►

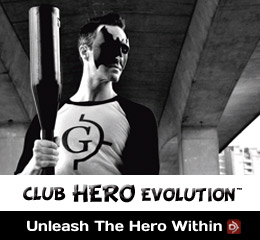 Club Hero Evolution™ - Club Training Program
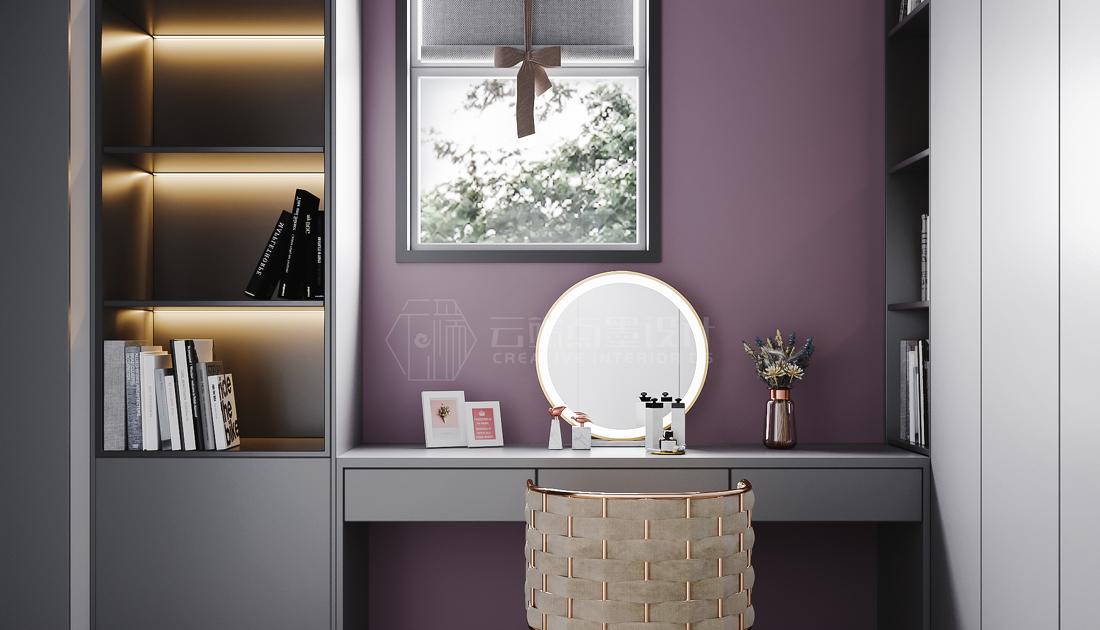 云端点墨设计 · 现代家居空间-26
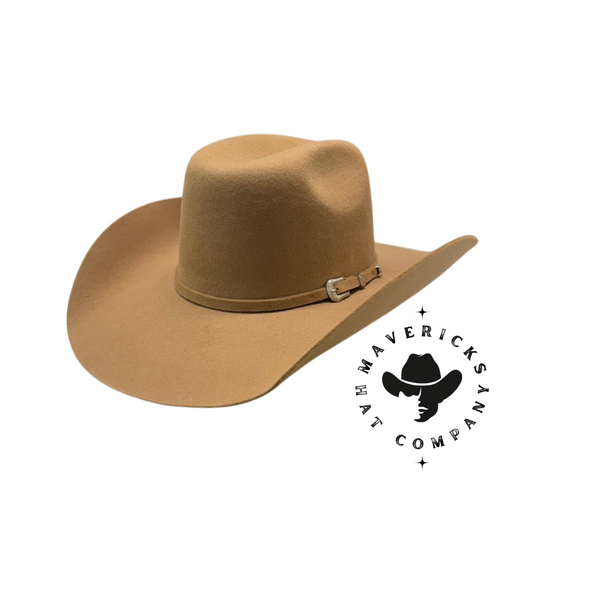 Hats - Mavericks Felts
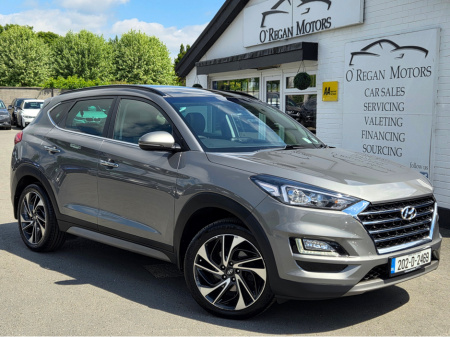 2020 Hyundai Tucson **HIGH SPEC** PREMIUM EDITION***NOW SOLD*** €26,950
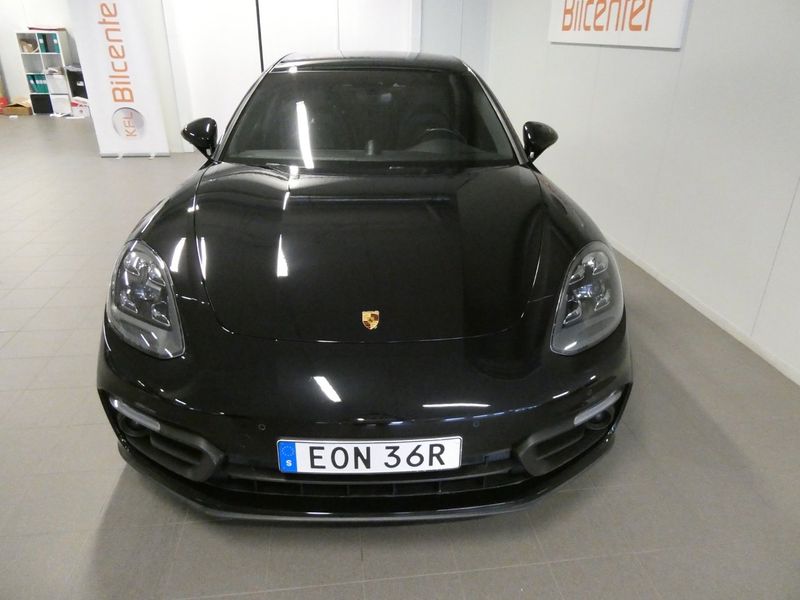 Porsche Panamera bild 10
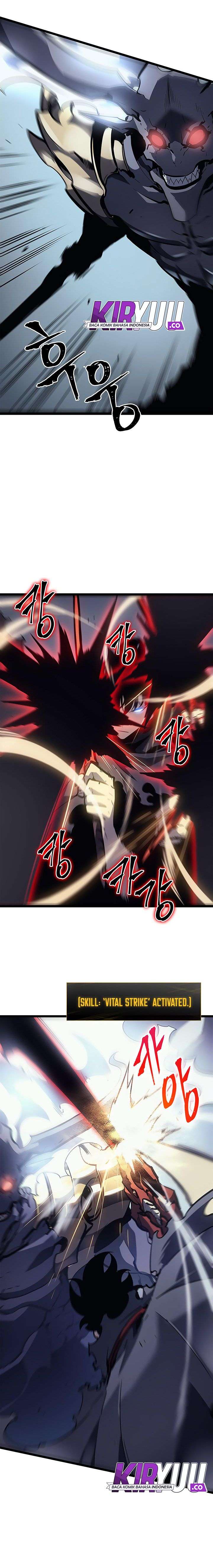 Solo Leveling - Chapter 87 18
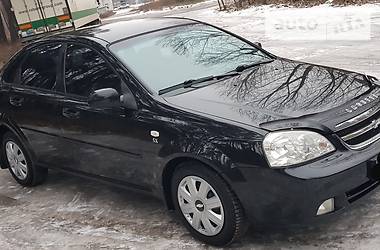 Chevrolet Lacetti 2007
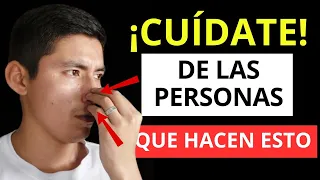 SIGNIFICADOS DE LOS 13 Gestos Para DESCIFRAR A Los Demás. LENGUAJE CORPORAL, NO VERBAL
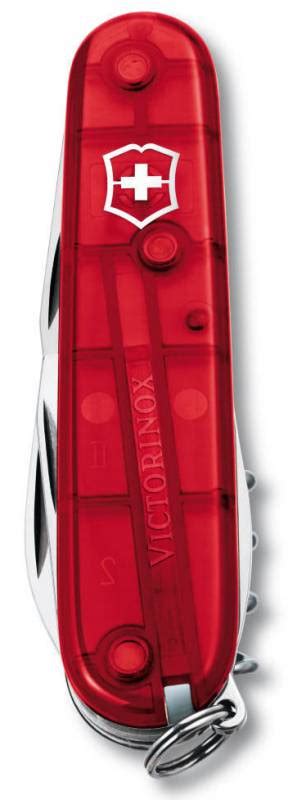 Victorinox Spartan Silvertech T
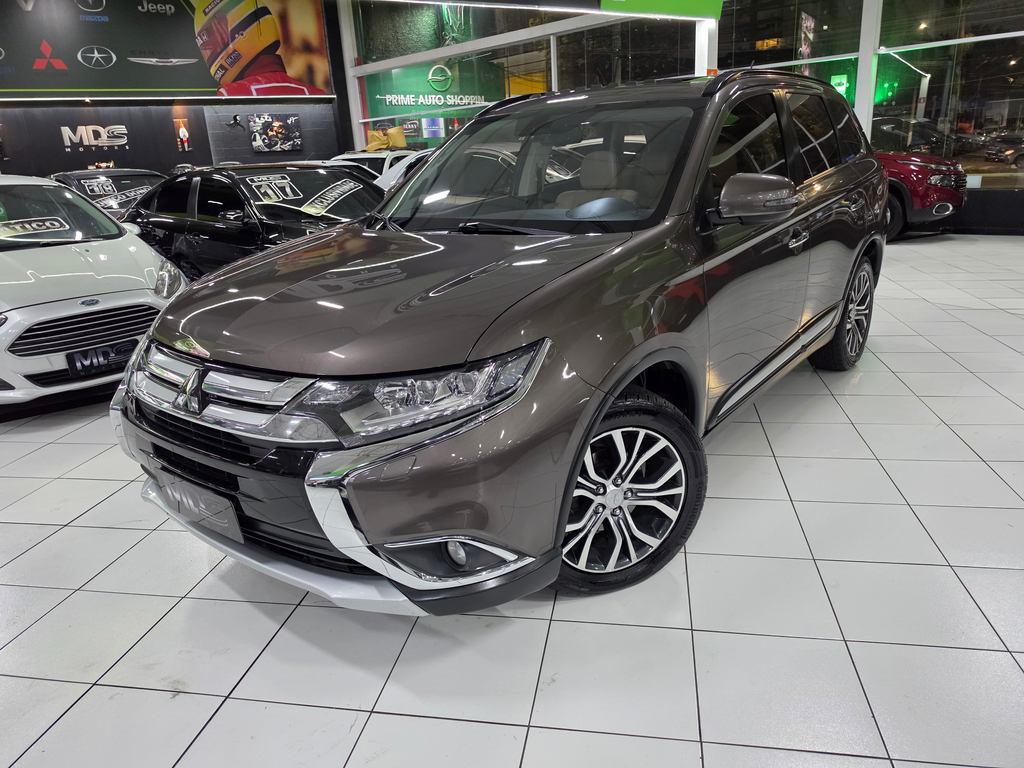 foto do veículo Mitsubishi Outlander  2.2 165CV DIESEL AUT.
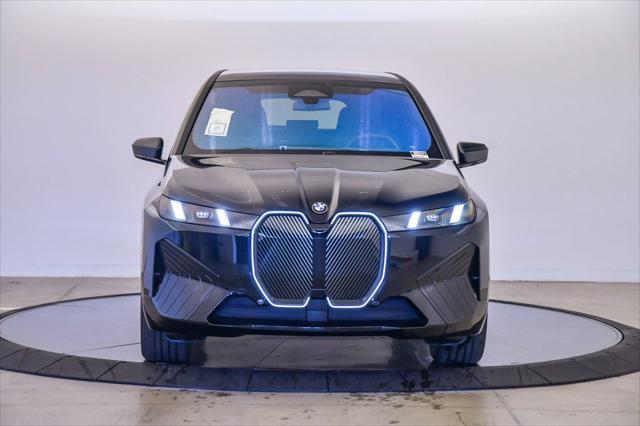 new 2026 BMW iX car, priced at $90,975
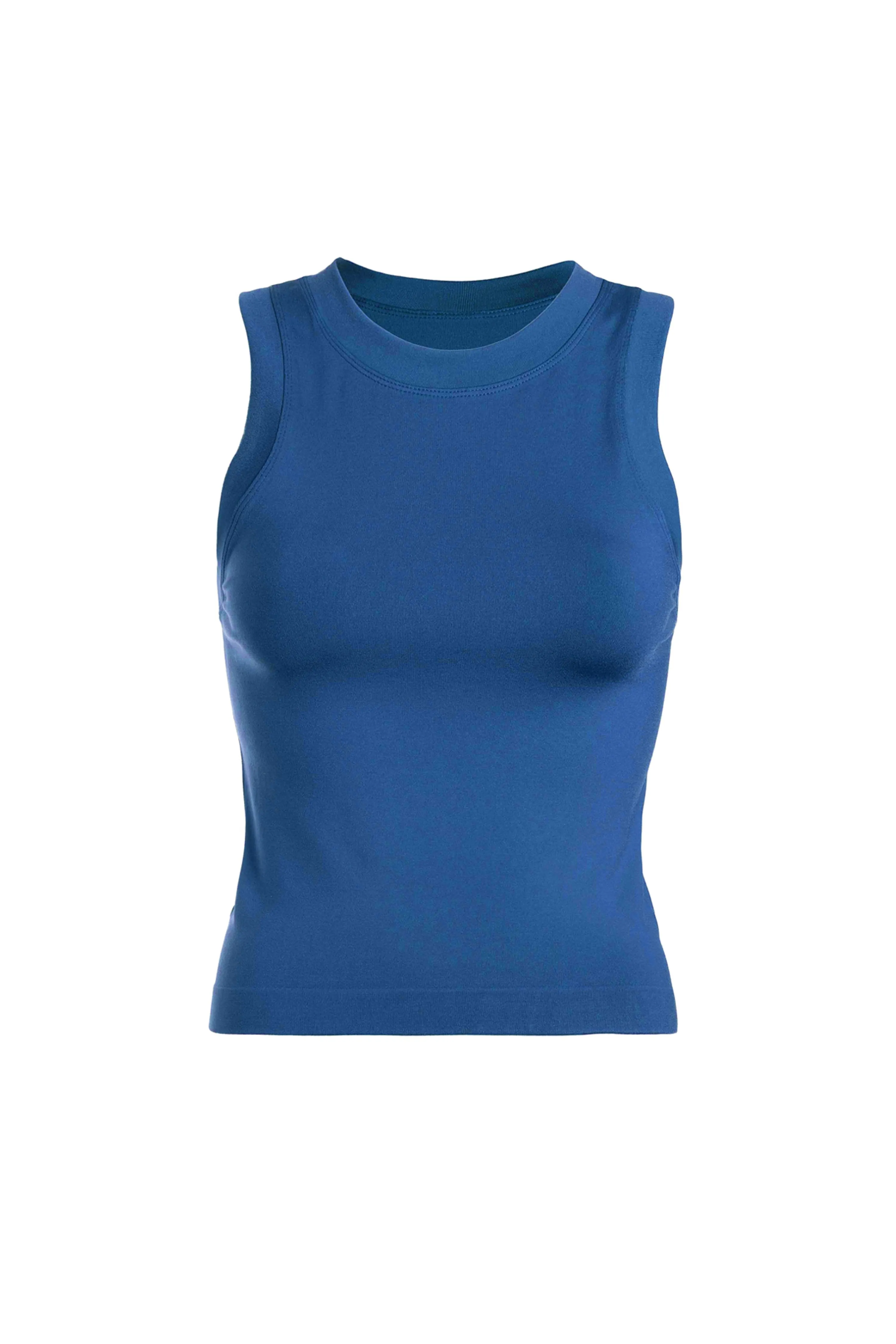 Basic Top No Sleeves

◄

* [How to complete this task] Working from the records above, reproduce exactly the lines from the one with "foto do veículo" through the last line, without the pictures.

* [Exercise solution]
 foto do veículo Mitsubishi Outlander  2.2 165CV DIESEL AUT.
 new 2026 BMW iX car, priced at $90,975
 Basic Top No Sleeves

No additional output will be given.